How many plot twists can a story contain, without being annoying? I mean, I just killed main character, and brought them back using Deus Ex Machina twists... so, yeah...


----------



## RedSavage (Jan 9, 2015)

That's already too much imho. There's into so much a reader can take before throwing their hands up and going "oh fuck this I'm done"


----------



## Taralack (Jan 9, 2015)

Victor Anderson said:


> I just killed main character, and brought them back using Deus Ex Machina twists



You clearly haven't read Malazan. No one really dies in that series, they always come back in one way or another.


----------



## NilFur (Jan 9, 2015)

It entirely depends on the quality of the twists: are they interesting? believable? fitting the mood and flow you want? not making the previous events meaningless nor "cheating" on the reader? participating in of your storytelling rather randomly than interrupting it?

You can get away with as many twists as you can find for which all the answers are yes... knowing that aboundance of twists will lower your ability to surprise the reader, who learns fast about you, may or may not be believable in your universe/genra and will affect the mood and flow: in other term, good plot twists are not easy and must be tailored to the story.

Things like deus ex machina bringing back your main character? Errrr, you might want to rework that a little because this sounds a lot like the "I'm out of sugar, how about platypus with your coffee?" school of twisting, aka: just injecting randomness or arbitrarily changing direction when lacking actual ideas to keep things interesting or to get out of a certain situation.

And the maximum times you can do those without annoying your readers is zero.

On the bright side, with a bit of work on preparation/explanation/believability, a deus ex can be reworked into something more palatable. Like most things that are bound to happen in a first draft... so give yourself some slack the time to actually write your story down without blocking on every difficult bit. It's better to finish that draft with some weak parts and then to edit it into greatness than never to finish your story at all.

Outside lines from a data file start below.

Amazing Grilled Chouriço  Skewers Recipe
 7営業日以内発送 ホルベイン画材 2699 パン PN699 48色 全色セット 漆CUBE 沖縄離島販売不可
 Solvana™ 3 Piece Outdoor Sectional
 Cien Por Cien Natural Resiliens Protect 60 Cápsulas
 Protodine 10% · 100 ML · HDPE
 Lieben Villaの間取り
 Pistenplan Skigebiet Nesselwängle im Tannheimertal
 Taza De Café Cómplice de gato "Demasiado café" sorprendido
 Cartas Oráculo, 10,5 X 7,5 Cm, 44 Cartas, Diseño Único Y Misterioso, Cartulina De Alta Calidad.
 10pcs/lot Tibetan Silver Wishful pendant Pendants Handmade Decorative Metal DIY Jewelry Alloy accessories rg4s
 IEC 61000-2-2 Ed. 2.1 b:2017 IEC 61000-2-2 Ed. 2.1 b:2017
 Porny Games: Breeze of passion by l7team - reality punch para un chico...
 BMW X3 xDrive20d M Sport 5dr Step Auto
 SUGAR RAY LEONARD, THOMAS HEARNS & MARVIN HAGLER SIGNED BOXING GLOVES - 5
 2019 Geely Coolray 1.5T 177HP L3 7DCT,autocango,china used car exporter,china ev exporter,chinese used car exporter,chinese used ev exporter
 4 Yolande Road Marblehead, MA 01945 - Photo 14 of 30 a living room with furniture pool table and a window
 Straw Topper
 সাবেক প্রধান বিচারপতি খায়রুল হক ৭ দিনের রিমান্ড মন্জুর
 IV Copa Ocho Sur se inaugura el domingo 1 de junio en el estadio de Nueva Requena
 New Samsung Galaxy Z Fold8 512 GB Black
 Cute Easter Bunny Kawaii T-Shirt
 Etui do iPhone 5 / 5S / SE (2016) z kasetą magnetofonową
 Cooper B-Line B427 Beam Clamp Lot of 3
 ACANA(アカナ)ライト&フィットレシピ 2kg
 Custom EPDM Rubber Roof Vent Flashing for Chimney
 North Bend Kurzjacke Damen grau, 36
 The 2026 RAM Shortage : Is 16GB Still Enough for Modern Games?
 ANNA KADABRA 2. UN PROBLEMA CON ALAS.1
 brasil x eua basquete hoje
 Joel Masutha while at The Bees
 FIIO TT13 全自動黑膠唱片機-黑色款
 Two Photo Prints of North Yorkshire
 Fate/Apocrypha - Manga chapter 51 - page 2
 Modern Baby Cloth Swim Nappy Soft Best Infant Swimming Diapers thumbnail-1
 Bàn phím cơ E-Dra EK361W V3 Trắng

But keep this in mind: plot twists are a technical trick to pull out well, not an easy cure-all fix. They simply don't work as the later.


----------



## ArmorcladCoyote (Jan 10, 2015)

The biggest factor in how many twist a story can have all depends on the writer's skill. Some very skilled ones can layer a dozen seamlessly across each other; some botch up even a single one. Usually a single well crafted twist in a story usually works best. Each twist you add makes readers question the story and each successive twist has a lesser impact. Write your story around the twist, not your twist around the story. A good twist usually has to have something that hints about it  throughout the story. The best twist is something the reader gets hints  of but doesn't see the first time but if they reread they'll notice  clues.

I find Deus Ex Machina to be one of the poorest writing moves out there. Even bringing and actual divine being into the mix works better. But don't have them appear to solve the problem then vanish. That's the same thing but with a light show. The only reasons Disney gets away with the fairy godmother in Cinderella was: she was in some versions of the original tale and she had a musical number. Find some way to justify the character coming back to life that is established earlier. And most importantly, to quote Anton Chekhov, "if it's not essential, don't include it in the story." A cheap death accomplishes nothing.


----------



## Zeitzbach (Jan 10, 2015)

If you're going to write a plot twist then go back and read what causes the twist to happen it the first place and make sure the twist is softly foretold somewhere so it isn't just a random "out-of-the-ass" moments that we all hate. Have as much twist as you want but make sure the entire thing proceed down the same path and lead to the same objective, not just "Hey, a twist!" and suddenly change everything I have been reading.


----------



## SkyeLansing (Jan 10, 2015)

Your plot can twist as much as you want, however it needs to fit in the framework of the world you've created. In effect you need to have clues that the twist could happen (not that it _will_, but _could_) so that when the twist comes your reader has a "Ooooh yeah" moment.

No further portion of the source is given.